Tactical Unit - The Code (2008)
Reviewed by: ewaffle on 2012-11-16
Summary: Dull and predictable
In “Tactical Unit: The Code”, the Hong Kong police are depicted as brutal, stupid and corrupt. Willing to beat up a suspect when they can’t get evidence to arrest him, unable to track down one of their comrades who has had a breakdown and is running around police headquarters armed and ready to kill a superior officer and apparently unable to operate in units smaller than four. This last is a real problem—it makes them easy to find when an anti-corruption officer is looking for them and makes trailing a suspect difficult since four uniformed police officers trying to look inconspicuous on the seeming deserted nighttime streets of Hong Kong means the object of their attention is always aware of them.

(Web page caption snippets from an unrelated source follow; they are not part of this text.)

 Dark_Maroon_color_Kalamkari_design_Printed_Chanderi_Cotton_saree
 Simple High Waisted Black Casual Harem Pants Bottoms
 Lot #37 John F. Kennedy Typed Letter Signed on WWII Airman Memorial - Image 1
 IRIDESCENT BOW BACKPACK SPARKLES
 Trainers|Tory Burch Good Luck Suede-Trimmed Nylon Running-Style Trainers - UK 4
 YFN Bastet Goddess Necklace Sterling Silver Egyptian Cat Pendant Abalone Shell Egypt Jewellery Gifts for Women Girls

There are two story lines. In the first Sergeant Lee Wing Sam and of his subordinates are caught on a surveillance camera roughing up a suspect in an alley. The guy they are pushing around is Chan Kam Shing, a mid-level drug dealer, unbalanced enough to stab a high profile fellow criminal in front of a nightclub full of witnesses. He is played by Cheung Wing-Cheung, an actor who has carved out a respectable career playing demented villains that the audience finds it easy to hate. His character here is such a lowlife that we agree he should be beaten up by the cops.

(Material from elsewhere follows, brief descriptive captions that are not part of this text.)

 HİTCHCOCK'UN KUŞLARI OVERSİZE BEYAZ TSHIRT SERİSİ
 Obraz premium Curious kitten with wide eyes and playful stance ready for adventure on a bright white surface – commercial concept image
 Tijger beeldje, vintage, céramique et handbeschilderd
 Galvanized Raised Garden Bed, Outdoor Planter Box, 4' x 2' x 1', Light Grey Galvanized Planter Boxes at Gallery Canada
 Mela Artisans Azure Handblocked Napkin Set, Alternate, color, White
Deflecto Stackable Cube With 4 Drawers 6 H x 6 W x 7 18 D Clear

There are problems within the unit as well. PC Eight has made a debt declaration, a list of outstanding legal indebtedness which he thinks will allow him to get help from a police benevolent fund in paying it off. It turns out declaration is a two edged sword—while it might qualify him for help, it can also be used to remove him from active duty by the anti-corruption squad since it shows he would be a target for loan sharks. The command officers dealing with PC Eight’s debt difficulties and the brutality case against Sergeant Sam are incompetent, fearful of the public and always willing to put expediency before justice. So the naturally make all the wrong decisions in both cases leading to the final showdown in which Chan is arrested and escapes from custody at police headquarters at the same time that Eight shows up for the end of his last shift committed to shooting a police bureaucrat and himself. The HQ has lots of balconies, open walkways and outside stairs so we can see the pursuing Tactical Unit cops almost catch both Chan and Eight so many times that it is monotonous.

The ending is dull and completely predictable.